I will say that you can simplify code#2 since the first element of ElmGTS does need to be copied back. Just set TimeStep to a HUGE value and iterate from the first element.

TimeStep = HUGE(0.0)
Do Concurrent(i = 1:NumElms) Reduce(Min:TimeStep)
   TimeStep = Min(TimeStep, ElmGTS(i))
End Do

The whole codes is large which includs about twenty *.F90 files. Following your above advices, I recompile the code, and I found a strange problem.

TimeStep = HUGE(0.0)
Do Concurrent(i = 1:NumElms) Reduce(Min:TimeStep)
   TimeStep = Min(TimeStep, ElmGTS(i))
End Do

Sometimes when I start the program, the TimeStep is always near 1.0E-02, but other times when I start program, it is becoming smaller and smaller.

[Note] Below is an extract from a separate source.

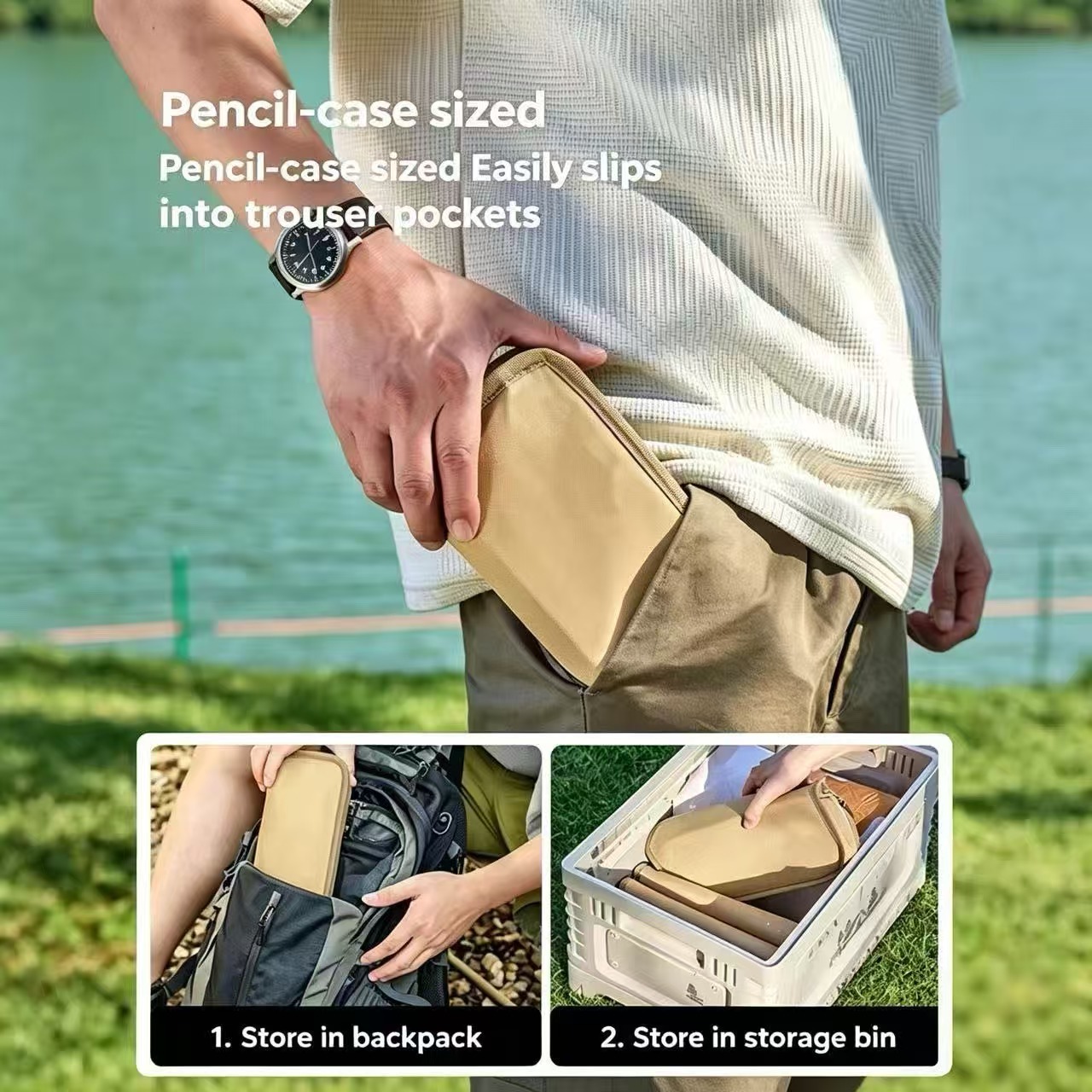 Magza ポータブル折りたたみスツール超軽量ペンスツールア - Woodworking Outdoor Furniture のレビューと価格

That is, the program is not stable.
Do you know why ? What are the possible reasons ?
To my knowledge, is it due to that some variables are not initialized ?

TimeStep = ElmGTS(1)
Do Concurrent(i = 2:NumElms) Reduce(Min:TimeStep)
TimeStep = Min(TimeStep, ElmGTS(i))
End Do
I think codes above might be equivalent to below:
Do Concurrent(i = 1:NumElms) Reduce(Min:TimeStep)
TimeStep = ElmGTS(i)
End Do

No, I have no way of knowing without more details. Note that twenty files isn’t that big, so if you can share them, that would be great. If you can’t share these publicly, please send me a direct message by following the link to my profile and click on the “message” button. You can then provide details on how to obtain your code.

To my knowledge, is it due to that some variables are not initialized ?

That’s one possibility. You can use Valgrind on the CPU version to see if it finds any UMRs.